Hikâye bitene kadar o muzip kafadan vazgeçmemek, kahramanlarla dalga geçebilmek, bir anlatı oluştururken düşülebilecek tuzaklardan kaçınmak gerekli.

Çok konuşan filmlerin, gençlik jargonunun piri Kevin Smith, bir korku hikâyesini perdeye getirmeye karar verdiğinde de beklentiler bu yönde oluyor kuşkusuz. Ve neyse ki Smith, beklentileri boşa çıkartmıyor.

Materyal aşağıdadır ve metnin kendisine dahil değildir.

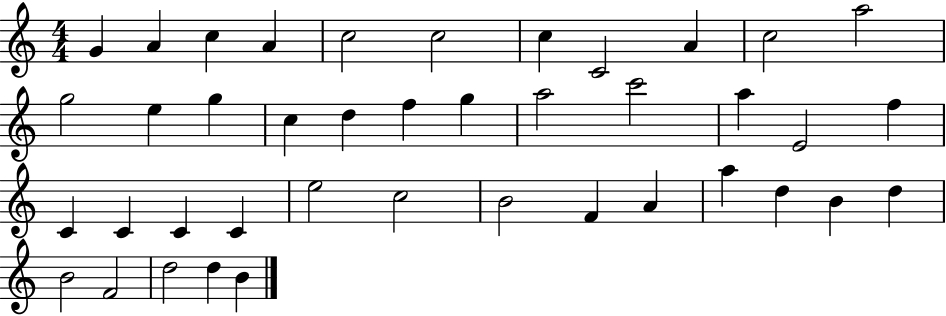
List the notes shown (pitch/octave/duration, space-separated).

G4/q A4/q C5/q A4/q C5/h C5/h C5/q C4/h A4/q C5/h A5/h G5/h E5/q G5/q C5/q D5/q F5/q G5/q A5/h C6/h A5/q E4/h F5/q C4/q C4/q C4/q C4/q E5/h C5/h B4/h F4/q A4/q A5/q D5/q B4/q D5/q B4/h F4/h D5/h D5/q B4/q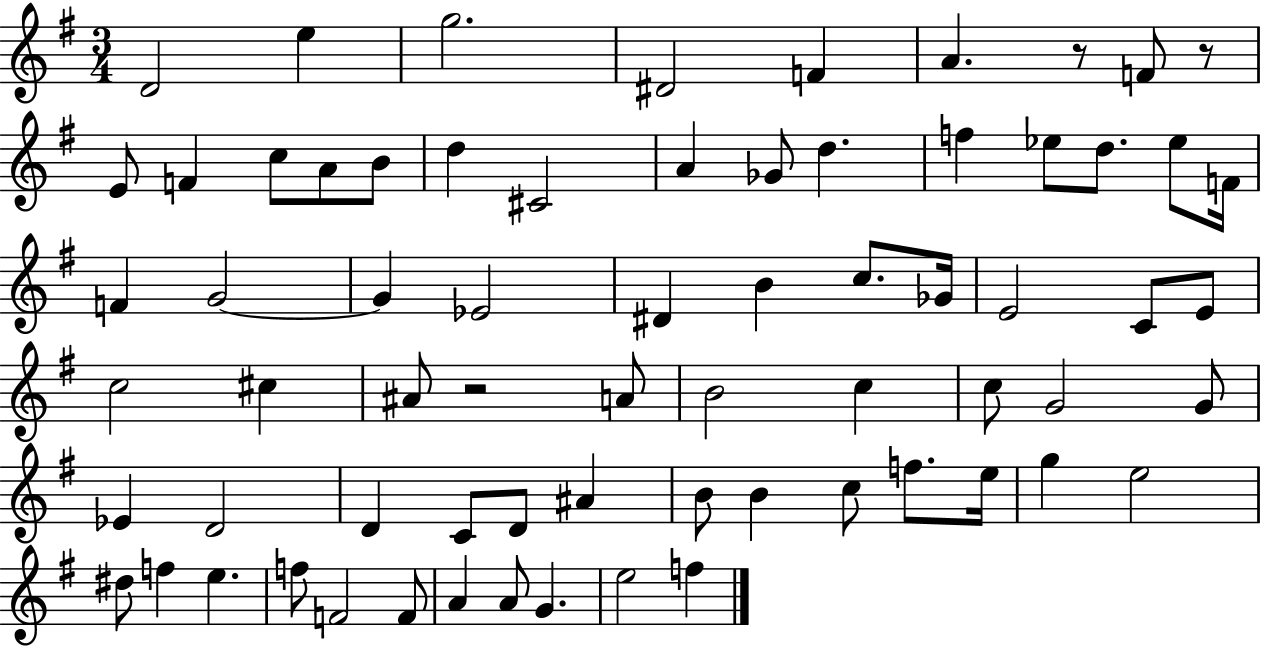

90’lar kuşağının birçok kültüne imza atmış (‘Clerks’, ‘Chasing Amy’) yönetmen, senarist, yapımcı, oyuncu Kevin Smith’in ABD’de herhangi bir firmayla anlaşmayı reddedip kendi eliyle dağıtacağını açıklamasıyla olay yaratan filmi ‘Red State / Şeytanın İni’, ABD’li haletiruhiyesini ti’ye alan 88 dakikalık bir şaka.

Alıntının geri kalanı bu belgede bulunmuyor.